# [Wet Thumb Forum]-How much Flourite?



## mdv (Mar 3, 2003)

OK, you all have convinced me.I'm going to tear down the tank and convert to Flourite.My tank is 48"Wx 24"D and 24"H.How many bags will it take and I'm assuming the best place to get it is from bigalsonline.
-thanks


----------



## mdv (Mar 3, 2003)

OK, you all have convinced me.I'm going to tear down the tank and convert to Flourite.My tank is 48"Wx 24"D and 24"H.How many bags will it take and I'm assuming the best place to get it is from bigalsonline.
-thanks


----------



## Tenor1 (Mar 3, 2003)

Wow! What did someone say that convienced you to want to change the substrate? It is a good substrate but by no means does it insure the perfect tank. If there is some reason that you just want to completely change the tank then do so. But don't expect any major change in your plant life quality by changing to Flourite. I have all Flourite in one tank and all Onyx Sand in another. There is nothing in either of the substrates that can't be added to what you have presently. Seachem still advises using plant tabs with both of these. With all that said, I'll try to answer your question, lol.

Onyx Sand seems more dense and therefore you need more pounds per gallon over Flourite. In my little tank using Flourite, 12 pounds covered 9"x12" for about 3" depth. This is only a 6-gallon tank. The really old rule of 2 pounds per gallon seems to hold true.
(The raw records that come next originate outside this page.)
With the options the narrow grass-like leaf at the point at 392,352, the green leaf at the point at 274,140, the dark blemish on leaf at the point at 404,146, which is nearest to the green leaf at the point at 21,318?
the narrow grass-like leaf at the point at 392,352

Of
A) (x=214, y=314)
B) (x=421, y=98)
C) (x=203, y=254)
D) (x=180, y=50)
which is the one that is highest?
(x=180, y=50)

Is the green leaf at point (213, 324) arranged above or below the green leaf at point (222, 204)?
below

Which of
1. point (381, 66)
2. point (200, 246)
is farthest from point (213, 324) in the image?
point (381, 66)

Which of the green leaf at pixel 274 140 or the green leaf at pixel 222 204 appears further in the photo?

Here is a cleaning method that completely eliminates the usual cloudiness with new Flourite. Use a fine-mesh metal colander rinsing a small of of the Fourite at a time over a bucket with a regular colander. Sort of a double strain effect. Use the finer silt as a bottom layer with the more coarse particles on top. You will be able to see clearly through the entire tank on the first day! People complain so much of cloudiness but this method completely eliminates the mess. I've used it on 3 tanks with the same good results. I can send you a picture of a tank taken 2 minutes after being filled with new Flourite and water.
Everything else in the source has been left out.